Ukraine, Security Dominate British Prime Minister Sunak’s First White House Visit

June 8, 2023

President Biden on Thursday welcomed British Prime Minister Rishi Sunak to the White House for wide-ranging talks. 

“Today in Washington, we’ve had important, positive discussions that deepen our bilateral economic relationship and expand our cooperation to shape the challenges for the remainder of this century,” Biden said during the two leaders’ joint press conference in the East Room. “It’s a testament to the depth, breadth and I would argue the intensity of our cooperation and coordination.”

In Sunak’s first-ever White House visit, the two leaders’ discussions in the Oval Office were expected to include the war in Ukraine, China, economic security, and international cooperation on regulating the growing field of artificial intelligence.

“There’s no issue of global importance—none—where our nations are not leading together and where we’re not sharing our common values to make things better,” said Biden on Thursday, announcing a new economic partnership plan that would include accelerating a transition to clean energy, developing new technologies and protecting technologies that would be critical to the two nations’ future—like semiconductors, quantum computing and artificial intelligence.

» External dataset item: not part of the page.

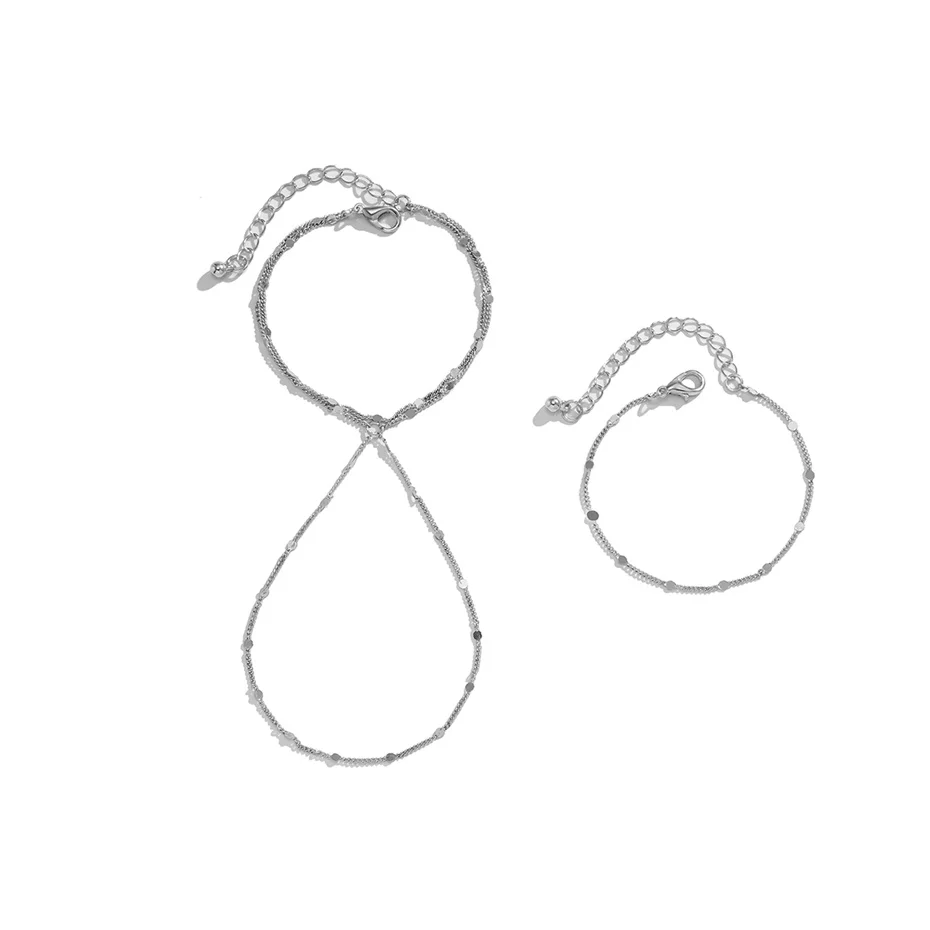Mehrschichtige Vintage verbundene Fingerring-Armbänder für Frauen, einfache Kugelperlen, Gliederketten, Handgeschirr, Armreifen, Party-Schmuck – Detail 13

Biden added that the potential for AI to create “fundamental technological change” is “staggering.” 

“Standing here together as our predecessors have done for generations, I feel confident that through the strength of our relationship we can shape the world once again in our pursuit of liberty, prosperity, and the possibilities of a new age,” Sunak said at Thursday’s press conference. “and that begins with our highest priority—national security.”

He added that “economic security” must be prioritized along with military security, noting that this week alone, £14 billion ($17.6 billion) in new American investment has been committed into the UK, creating thousands of jobs. He also stressed strengthening supply chains and reducing trade barriers on future technologies. 

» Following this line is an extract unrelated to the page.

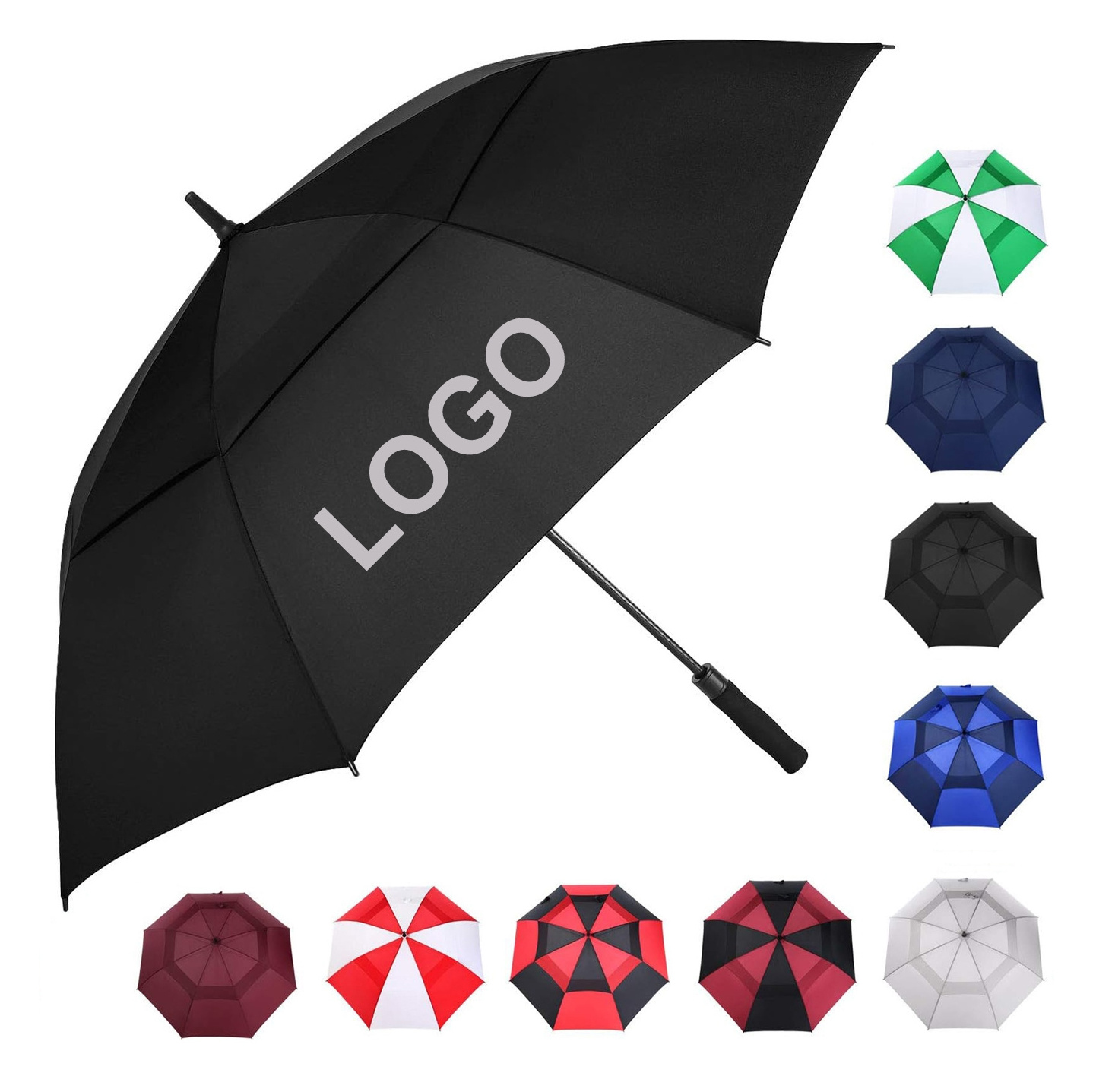 Factory Wholesale Sublimation Golf Umbrella Custom Logo Prints Promotional Umbrella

White House press secretary Karine Jean-Pierre had said Russia’s invasion of Ukraine would be “top of mind.”

The United States and the United Kingdom are the two biggest donors to the invaded nation’s war efforts, with Britain playing a central role in efforts to sent American-made F-16 fighter jets to Ukraine and train its pilots on them.

Answering a reporter’s question Wednesday, Biden said he believed Congress would provide the long-term funding Ukraine will need even after the war with Russia ends. “We are advancing this goal by providing them with the support Ukraine needs now on the battlefield and helping them strengthen their military over the long term,” he noted.

Sunak added, “The UK is proud to be behind the U.S., the biggest contributor the military efforts in Ukraine, and I think it’s right that other countries also step up and do their part. We are lucky to have America’s investment in European security, but we need to share the burden alongside you, which is why defense spending in the UK has been above the 2% NATO benchmark. It’s on an increasing trajectory and we would encourage other countries to follow the lead that the U.S and the UK set.”

During a surprise visit to the UK by Ukrainian President Volodymyr Zelensky in mid-May, Sunak called their two nations “United in action.”

Russian President Vladimir Putin “will be thinking that he can wait us out, that the alliance will tire, that will get fatigued and will give up. And that is not the case,” said Sunak on Thursday. “And the more we can put in place in support for Ukraine—not just in the here and now, but support that will last for a time and for years to come—I think it sends a strong signal to him that there is no point to try to wait us out. We are not going anywhere.” 

He added that hopefully that signal will “speed up the calculation” in Putin’s mind that he should withdraw his forces and stop with his “illegal and unprovoked act of aggression.”

While in Washington Sunak is also expected to make the case for Biden to support UK Defense Minister Ben Wallace as successor to outgoing NATO Secretary-General Jens Stoltenberg, with whom Biden is scheduled to meet on Monday ahead of next month’s NATO summit in Lithuania. 

Wallace is not the only one in the running, however. For example, Danish Prime Minister Mette Frederiksen, whom Biden hosted at the White House on Tuesday is widely viewed as a potential contender to replace Stoltenberg at NATO.

When a British reporter asked Biden at the press conference if it was time for a British NATO Secretary General, Biden responded, “Maybe. That remains to be seen.”